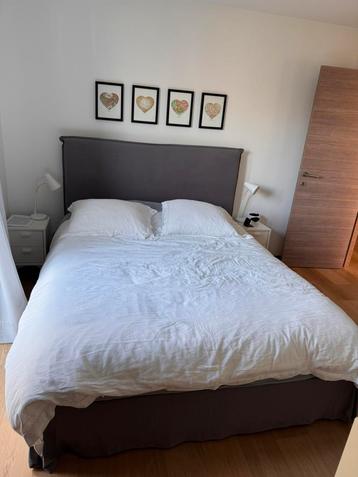 LIT 160x200 sans matelas + 2 tables de chevet, Enlèvement, Comme neuf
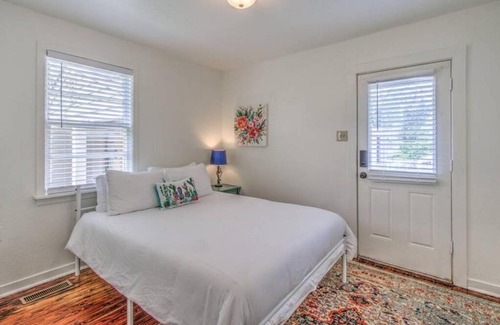 Midtown Apartment | Tranquil Cottage Retreat: Ideal Midtown Location Awaits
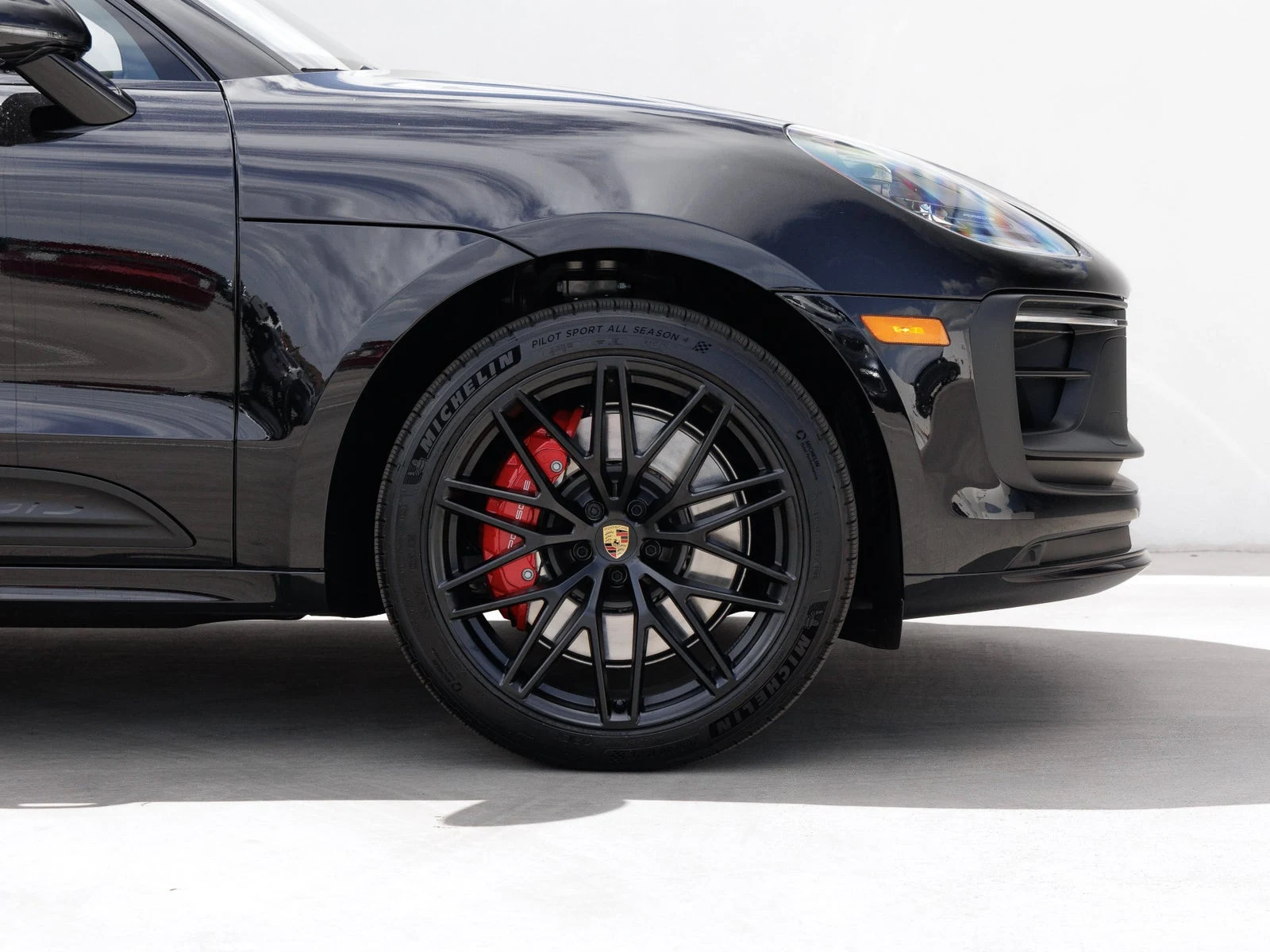 2026 Porsche Macan GTS (95B), 11/20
★ ★ ★ ★
### [Problem details]
Type the material out again exactly. Skip the pictures.

### [Task output]
 LIT 160x200 sans matelas + 2 tables de chevet, Enlèvement, Comme neuf
 Midtown Apartment | Tranquil Cottage Retreat: Ideal Midtown Location Awaits
 2026 Porsche Macan GTS (95B), 11/20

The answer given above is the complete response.